> AIM OF THE TASK: An exact transcription of all the records is required, minus the images.

----

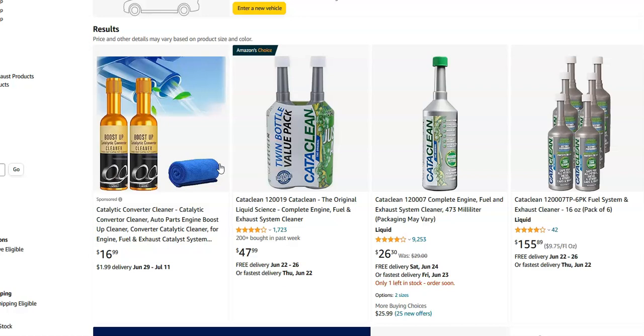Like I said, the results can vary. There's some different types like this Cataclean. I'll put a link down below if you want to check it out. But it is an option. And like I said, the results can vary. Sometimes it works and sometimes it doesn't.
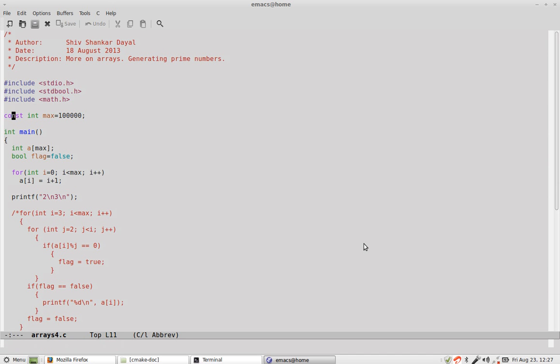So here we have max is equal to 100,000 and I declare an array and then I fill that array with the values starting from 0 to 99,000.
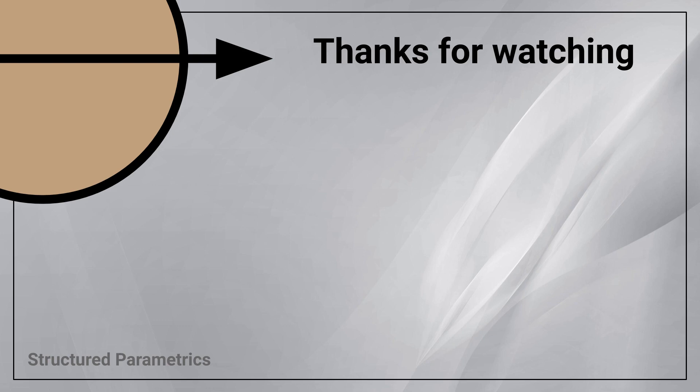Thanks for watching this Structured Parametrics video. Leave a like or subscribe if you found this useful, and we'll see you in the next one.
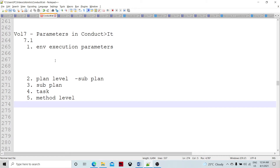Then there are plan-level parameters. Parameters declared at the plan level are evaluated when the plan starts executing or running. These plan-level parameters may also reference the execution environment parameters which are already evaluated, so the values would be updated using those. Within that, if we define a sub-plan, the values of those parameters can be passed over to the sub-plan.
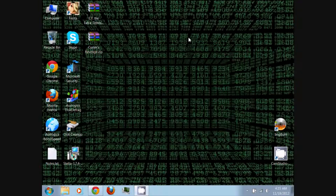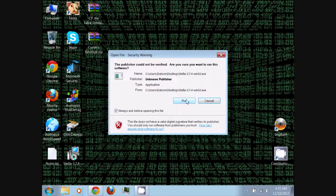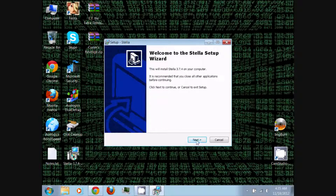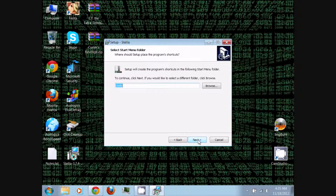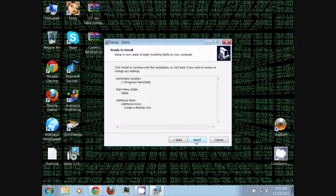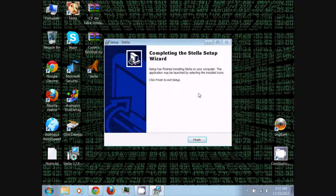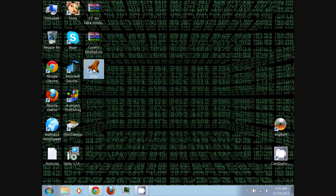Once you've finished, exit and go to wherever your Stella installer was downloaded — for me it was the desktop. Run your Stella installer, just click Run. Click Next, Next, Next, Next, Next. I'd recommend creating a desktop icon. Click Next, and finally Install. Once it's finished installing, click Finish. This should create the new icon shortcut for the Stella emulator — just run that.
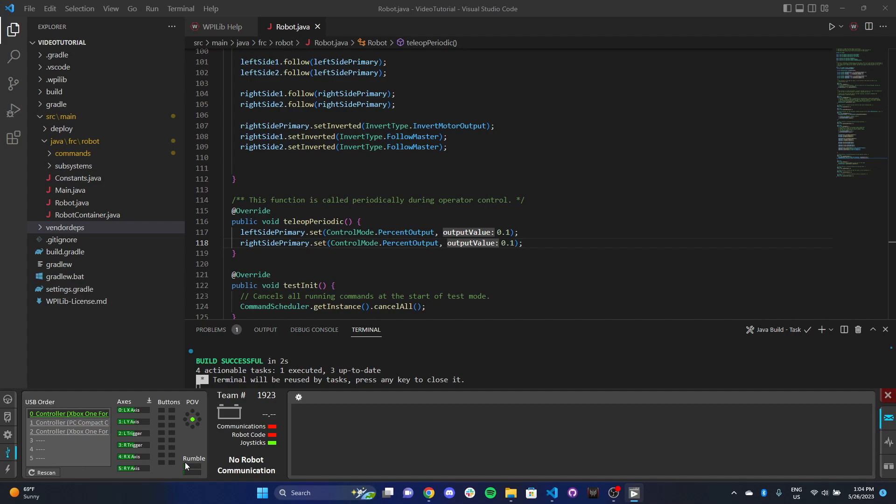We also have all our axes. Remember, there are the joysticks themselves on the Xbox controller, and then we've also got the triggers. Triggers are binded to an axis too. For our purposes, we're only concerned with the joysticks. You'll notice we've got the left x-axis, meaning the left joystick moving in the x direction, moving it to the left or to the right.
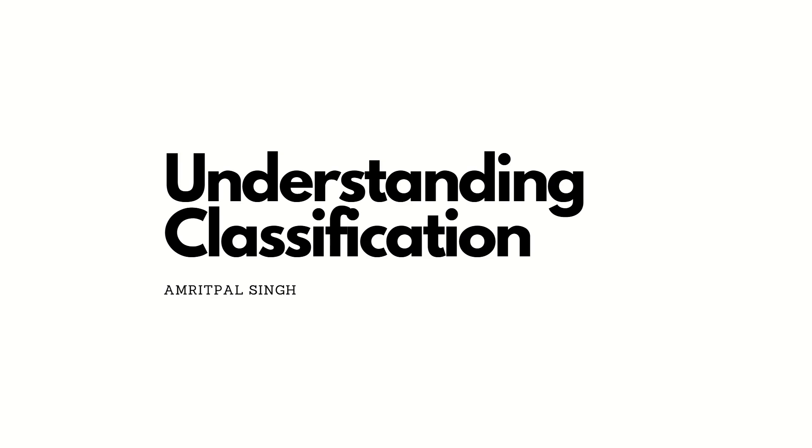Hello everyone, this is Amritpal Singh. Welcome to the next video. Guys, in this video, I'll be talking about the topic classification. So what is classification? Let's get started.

----

> SOLUTION TO THE EXERCISE:
Like I said, the results can vary. There's some different types like this Cataclean. I'll put a link down below if you want to check it out. But it is an option. And like I said, the results can vary. Sometimes it works and sometimes it doesn't.
So here we have max is equal to 100,000 and I declare an array and then I fill that array with the values starting from 0 to 99,000.
Thanks for watching this Structured Parametrics video. Leave a like or subscribe if you found this useful, and we'll see you in the next one.
Then there are plan-level parameters. Parameters declared at the plan level are evaluated when the plan starts executing or running. These plan-level parameters may also reference the execution environment parameters which are already evaluated, so the values would be updated using those. Within that, if we define a sub-plan, the values of those parameters can be passed over to the sub-plan.
Once you've finished, exit and go to wherever your Stella installer was downloaded — for me it was the desktop. Run your Stella installer, just click Run. Click Next, Next, Next, Next, Next. I'd recommend creating a desktop icon. Click Next, and finally Install. Once it's finished installing, click Finish. This should create the new icon shortcut for the Stella emulator — just run that.
We also have all our axes. Remember, there are the joysticks themselves on the Xbox controller, and then we've also got the triggers. Triggers are binded to an axis too. For our purposes, we're only concerned with the joysticks. You'll notice we've got the left x-axis, meaning the left joystick moving in the x direction, moving it to the left or to the right.
Hello everyone, this is Amritpal Singh. Welcome to the next video. Guys, in this video, I'll be talking about the topic classification. So what is classification? Let's get started.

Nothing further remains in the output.